Particles of skin gather and smear. The vegetarian in me coughs and gags. I breathe through my nose and pretend that this is canvas, a particularly stretchy tarp. “Hit the hell out of it,” the man next to me suggests. “I mean really just slam it, you know?”
Yeah, I know. But the hammer lowers and I brace for the crunch of metal on thumb.
This is me on a Saturday afternoon, making a 16-inch round frame drum. In this workshop we build in the Native American tradition — setting intentions, birthing the drum with reverence. These drums have a voice, our teacher says, and their songs will carry on forever.
I think about the metaphorical implications of going out into the world and letting our voices carry. Like a drumbeat calling, we all have stories that resonate. Note by note, our songs make us who we are.
***
A few years back I started a personal, anonymous blog on another platform. At the time, I was two years out of an MFA program and seeking an imperative to write. At the time, I wrote not from my heart but from a sense of self akin to the voice of Bridget Jones. I made lavish use of hyperbole and drew myself in character: a girl who took martini lunches and talked of stapling things to her boss’ head.
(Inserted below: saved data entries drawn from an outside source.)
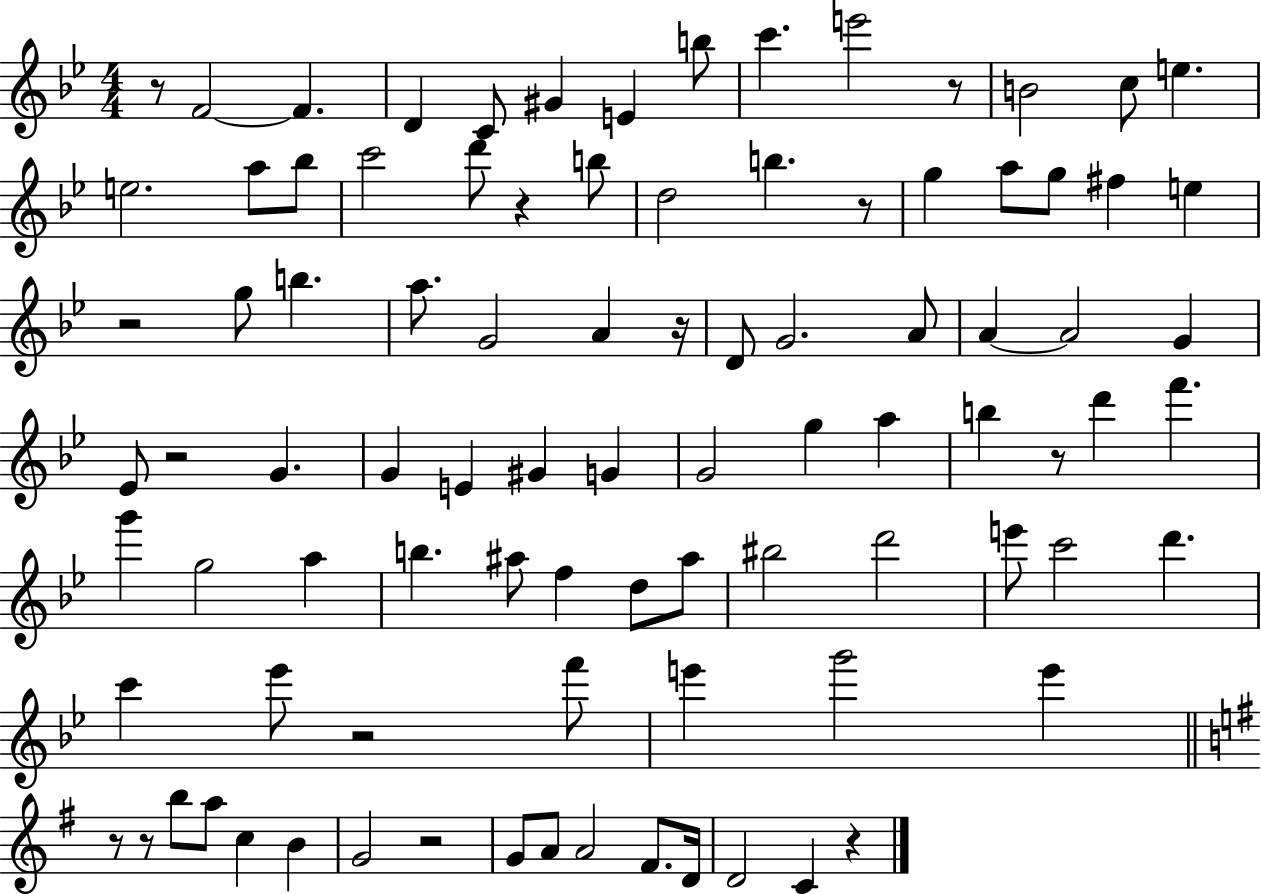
{
  \clef treble
  \numericTimeSignature
  \time 4/4
  \key bes \major
  \repeat volta 2 { r8 f'2~~ f'4. | d'4 c'8 gis'4 e'4 b''8 | c'''4. e'''2 r8 | b'2 c''8 e''4. | \break e''2. a''8 bes''8 | c'''2 d'''8 r4 b''8 | d''2 b''4. r8 | g''4 a''8 g''8 fis''4 e''4 | \break r2 g''8 b''4. | a''8. g'2 a'4 r16 | d'8 g'2. a'8 | a'4~~ a'2 g'4 | \break ees'8 r2 g'4. | g'4 e'4 gis'4 g'4 | g'2 g''4 a''4 | b''4 r8 d'''4 f'''4. | \break g'''4 g''2 a''4 | b''4. ais''8 f''4 d''8 ais''8 | bis''2 d'''2 | e'''8 c'''2 d'''4. | \break c'''4 ees'''8 r2 f'''8 | e'''4 g'''2 e'''4 | \bar "||" \break \key g \major r8 r8 b''8 a''8 c''4 b'4 | g'2 r2 | g'8 a'8 a'2 fis'8. d'16 | d'2 c'4 r4 | \break } \bar "|."
}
This is no way to keep a job, and so the ending of that story is predictable. In the sordid aftermath I packed my desk and returned home to see about doing things differently. I determined to write a new song for my life, one born of something other than fear and discontent.
What I have learned is that through action or inertia, life moves forward. What I have learned is that each day offers opportunity to do things differently. What I have learned is that we have a choice, always, in how to think and who to be.
So I said goodbye to the Martini Girl of times past, the snarky character with her pointy-toed shoes. I stepped away from writing what I thought others would find funny or raw. I settled for the truth of my own experience, and started following the inexplicable tug of my heart. It’s a song I make up every day, and I don’t believe it has one particular end. But in a thousand bumbling ways, it carries me again and again to a thing I’d call joy.
Sit with me awhile and I’ll tell you how it goes.
***
It’s late on a Thursday night. I’ve ventured out to hear Destroyer play a set at the North Star, a show worth the sacrifice of sleep.
Daniel Bejar peers into the crowd from center stage, squinting through his hair. He sways slightly, and I’d guess this has something to do with the cluster of empty bottles behind him. Daniel leans into the mic. The keyboard player grins.
This song’s called…
…um…
He dives into it then, the music rising, and it doesn’t matter what the song is called, or whether the singer knew what to call it in the first place. He plays and the band is right there with him, and we move to the music like we all had the foresight to know what was coming.